Michigan Man Charged With Felony Assault After Drawing Gun in Self-Defense

concealed carry holster" by ibropalic is marked with .

Isaiah Ware was just trying to buy some lasagna for dinner when he strolled into a grocery store in Bloomfield Hills, Michigan last October. What should have been a quick trip instead ended up with Ware facing felony assault charges after a confrontation with another shopper. 


Ware was headed toward the self-check out when he bumped into customer Calvin Williams. Surveillance footage from the store shows the two men exchanging words, and then Ware pulls his gun from his holster. Based on both witness statements and surveillance footage it doesn't appear that Ware ever pointed the gun. Instead, the two men separated, with Ware continuing on to the self-check out with his pistol at his side. 

“He didn’t make any threatening motions with that weapon,” said Neal Brand, Ware’s defense attorney.

Ware can be seen in the video walking away from Williams, his gun in his right hand with a bottle of Windex and groceries in the other.
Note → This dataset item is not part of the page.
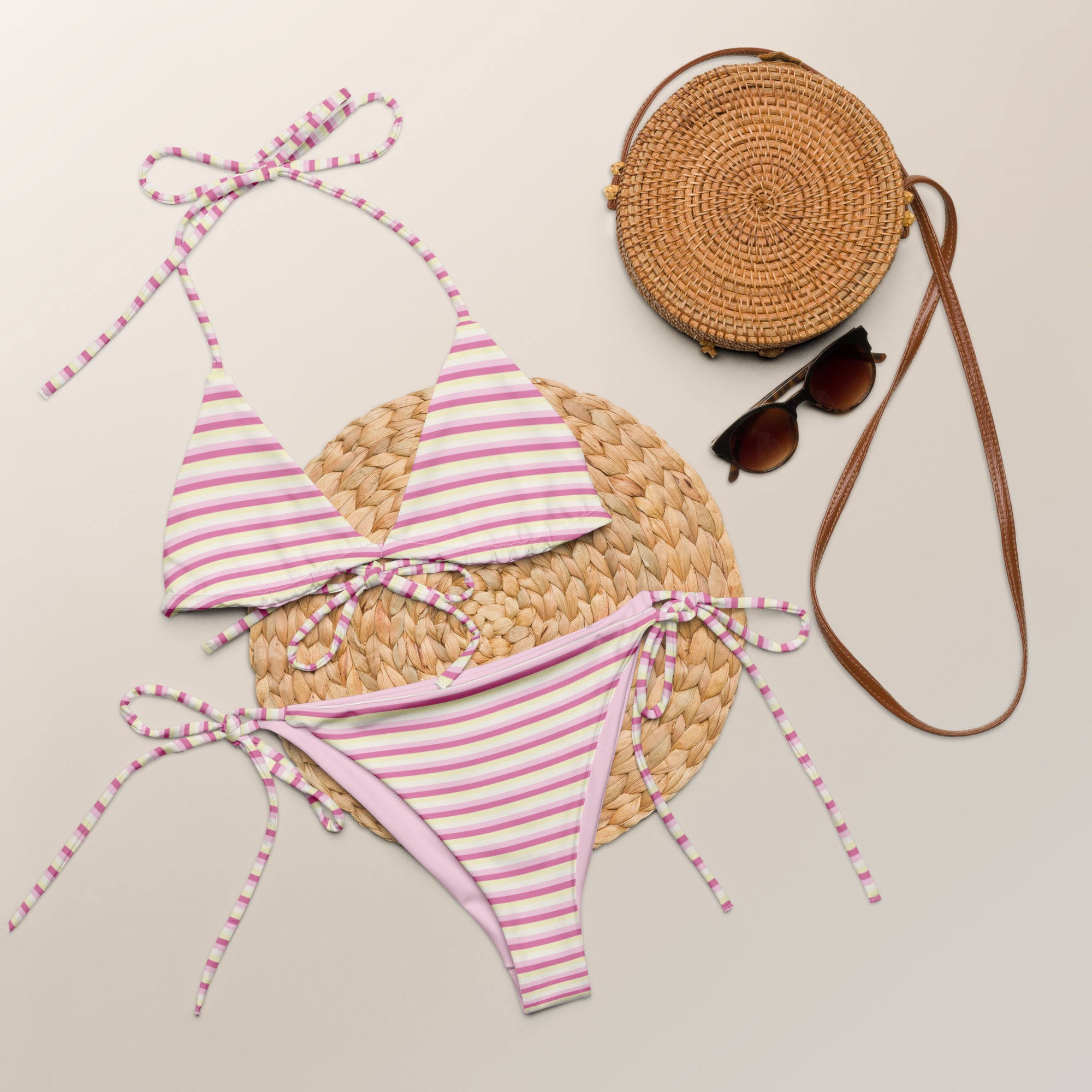 Recycled Colorful Striped String Bikini II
Ware watched Williams as they parted.

“That ended the threat, and that ended the problem,” Brand claims.

Williams could be heard on police body camera footage providing his perspective of the situation.

“He didn’t point, but he pulled it where there were customers and people around,” Williams said.

Bloomfield Township police arrested Ware, and the prosecutor’s office charged him with assault with a deadly weapon.

You don't have to be alone in the woods with a violent stranger before you can lawfully defend yourself with a firearm. We have a right to carry for self-defense in public, which inevitably means that we have the right to defend ourselves when there are others around. And the vast majority of defensive gun uses don't result in a trigger being pulled at all. The presence of the firearm is enough to end the threat. 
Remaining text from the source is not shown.